* [Your instructions]:
Reproduce exactly the lines from the start of the records through the line containing "Jeep Renegade 1.4", both included. Leave the pictures out.

-- Data in this exercise follows --

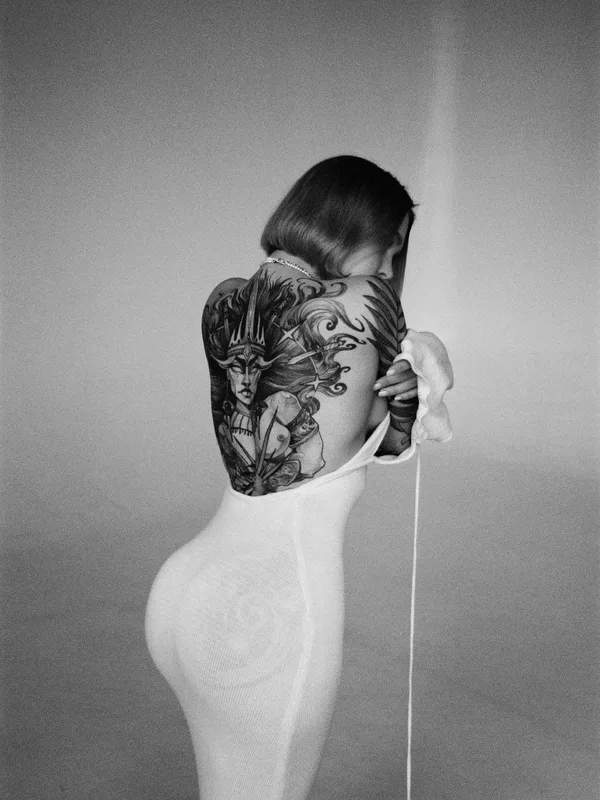 female black whipshading Tatuaggio su back #85055 | Tatuatore Маруся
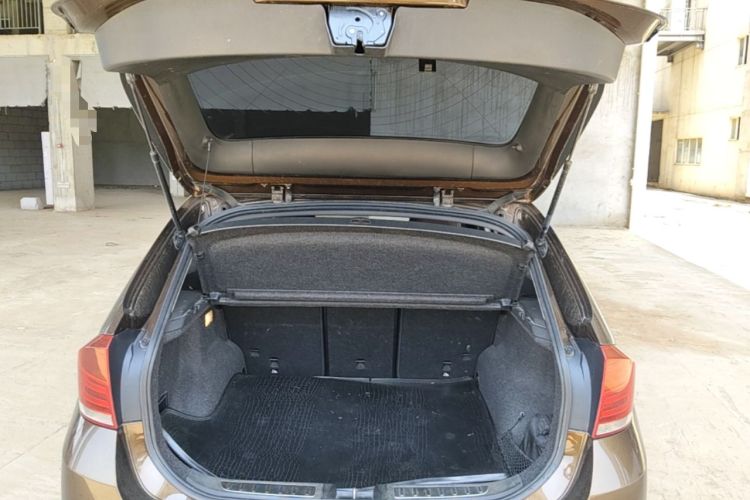 Used BMW X1 2015 sDrive18i Fashion Upgrade Edition Trunk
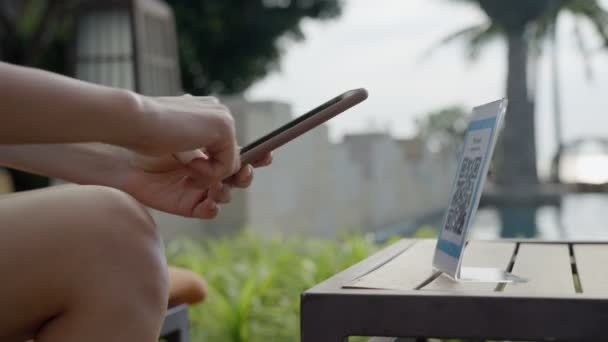 Mujer Utilizar Teléfono Inteligente Para Escanear Código Para Pagar Restaurante — Vídeos de Stock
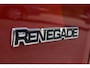 Jeep Renegade 1.4 MultiAir Limited | Climate Control | Cruise Control | Trekhaak | Panoramadak | Achteruitrijcamera | Stoel- en Stuurverwarming |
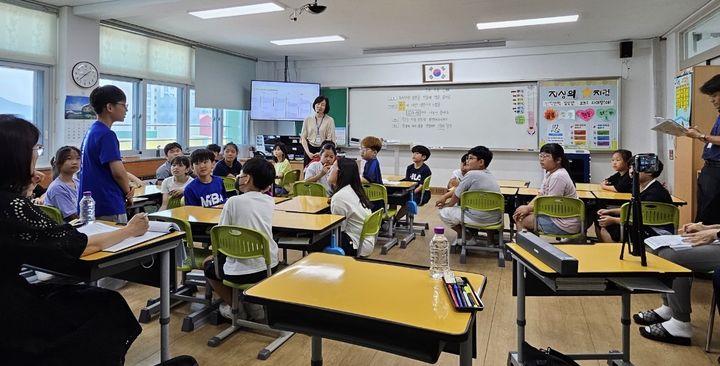 [안동=뉴시스] 수업명인에 선정된 고령 다산초 김경미 교사의 수업 모습. (사진=경북도 제공) 2025.12.26. photo@newsis.com *재판매 및 DB 금지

-- Data in this exercise concluded --

* [Problem solution]:
 female black whipshading Tatuaggio su back #85055 | Tatuatore Маруся
 Used BMW X1 2015 sDrive18i Fashion Upgrade Edition Trunk
 Mujer Utilizar Teléfono Inteligente Para Escanear Código Para Pagar Restaurante — Vídeos de Stock
 Jeep Renegade 1.4 MultiAir Limited | Climate Control | Cruise Control | Trekhaak | Panoramadak | Achteruitrijcamera | Stoel- en Stuurverwarming |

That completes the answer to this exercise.